#### [Exercise]
Every line of the material below that holds the string "Stainless" should be copied.
--- Data Enclosed Below ---
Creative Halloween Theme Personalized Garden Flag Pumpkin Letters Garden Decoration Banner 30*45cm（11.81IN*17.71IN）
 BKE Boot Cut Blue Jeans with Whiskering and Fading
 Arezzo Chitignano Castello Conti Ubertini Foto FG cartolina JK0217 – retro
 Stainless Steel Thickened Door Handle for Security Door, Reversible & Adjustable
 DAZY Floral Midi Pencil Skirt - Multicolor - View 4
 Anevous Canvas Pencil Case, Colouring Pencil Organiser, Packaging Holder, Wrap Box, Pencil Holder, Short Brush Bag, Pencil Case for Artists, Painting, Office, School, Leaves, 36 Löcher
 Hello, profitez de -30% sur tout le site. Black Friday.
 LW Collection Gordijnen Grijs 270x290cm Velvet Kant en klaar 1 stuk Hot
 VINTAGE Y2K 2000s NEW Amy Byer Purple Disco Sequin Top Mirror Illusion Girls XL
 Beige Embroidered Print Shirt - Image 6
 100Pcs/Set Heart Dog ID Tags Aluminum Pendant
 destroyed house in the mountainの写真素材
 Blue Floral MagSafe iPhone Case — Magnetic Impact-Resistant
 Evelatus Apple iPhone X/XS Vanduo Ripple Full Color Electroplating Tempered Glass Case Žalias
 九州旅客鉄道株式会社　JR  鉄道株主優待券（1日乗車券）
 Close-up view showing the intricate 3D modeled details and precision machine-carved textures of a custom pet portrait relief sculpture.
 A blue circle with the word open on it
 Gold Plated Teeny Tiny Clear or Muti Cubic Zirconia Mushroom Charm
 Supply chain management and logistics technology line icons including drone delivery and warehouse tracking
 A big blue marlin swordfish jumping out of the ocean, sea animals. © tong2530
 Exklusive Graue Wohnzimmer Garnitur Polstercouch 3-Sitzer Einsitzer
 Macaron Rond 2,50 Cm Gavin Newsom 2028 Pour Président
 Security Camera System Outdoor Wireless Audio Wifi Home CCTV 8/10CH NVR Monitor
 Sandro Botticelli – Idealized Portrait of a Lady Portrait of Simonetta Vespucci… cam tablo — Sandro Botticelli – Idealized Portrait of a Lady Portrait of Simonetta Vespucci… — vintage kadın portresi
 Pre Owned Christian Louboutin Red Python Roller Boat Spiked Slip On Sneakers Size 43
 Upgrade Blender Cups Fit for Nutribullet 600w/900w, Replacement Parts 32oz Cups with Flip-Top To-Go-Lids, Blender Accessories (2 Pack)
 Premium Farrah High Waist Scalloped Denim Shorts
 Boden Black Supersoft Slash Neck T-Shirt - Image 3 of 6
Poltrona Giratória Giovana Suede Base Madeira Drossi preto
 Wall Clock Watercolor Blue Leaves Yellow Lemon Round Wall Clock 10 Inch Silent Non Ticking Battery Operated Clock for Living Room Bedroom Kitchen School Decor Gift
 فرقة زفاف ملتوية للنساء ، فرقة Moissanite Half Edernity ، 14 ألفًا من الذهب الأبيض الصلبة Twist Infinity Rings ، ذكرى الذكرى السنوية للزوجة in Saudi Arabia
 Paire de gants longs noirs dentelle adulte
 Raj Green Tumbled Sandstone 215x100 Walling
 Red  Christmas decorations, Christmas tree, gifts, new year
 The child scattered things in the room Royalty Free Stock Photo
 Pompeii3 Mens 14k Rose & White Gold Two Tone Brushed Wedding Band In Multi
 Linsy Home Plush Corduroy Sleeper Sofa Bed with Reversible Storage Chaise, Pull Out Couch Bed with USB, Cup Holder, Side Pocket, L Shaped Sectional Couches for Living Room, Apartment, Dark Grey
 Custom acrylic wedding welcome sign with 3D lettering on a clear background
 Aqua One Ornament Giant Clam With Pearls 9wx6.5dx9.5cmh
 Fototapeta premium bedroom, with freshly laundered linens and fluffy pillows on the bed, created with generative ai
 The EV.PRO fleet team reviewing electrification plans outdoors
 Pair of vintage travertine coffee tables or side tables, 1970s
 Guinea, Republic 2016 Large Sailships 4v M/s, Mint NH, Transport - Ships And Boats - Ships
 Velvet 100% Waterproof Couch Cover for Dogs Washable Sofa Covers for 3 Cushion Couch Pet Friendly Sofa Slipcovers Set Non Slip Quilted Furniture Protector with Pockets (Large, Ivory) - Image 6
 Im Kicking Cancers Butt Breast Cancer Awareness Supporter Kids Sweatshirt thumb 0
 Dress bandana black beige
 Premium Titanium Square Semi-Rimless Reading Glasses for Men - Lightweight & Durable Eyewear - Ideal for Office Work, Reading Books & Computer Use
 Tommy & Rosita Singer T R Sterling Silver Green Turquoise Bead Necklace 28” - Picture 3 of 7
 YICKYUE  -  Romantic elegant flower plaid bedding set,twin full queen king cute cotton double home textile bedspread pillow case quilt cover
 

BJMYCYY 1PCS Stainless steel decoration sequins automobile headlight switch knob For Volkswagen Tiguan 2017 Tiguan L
--- End of Enclosed Data ---
#### [Result for this exercise]
 Stainless Steel Thickened Door Handle for Security Door, Reversible & Adjustable
BJMYCYY 1PCS Stainless steel decoration sequins automobile headlight switch knob For Volkswagen Tiguan 2017 Tiguan L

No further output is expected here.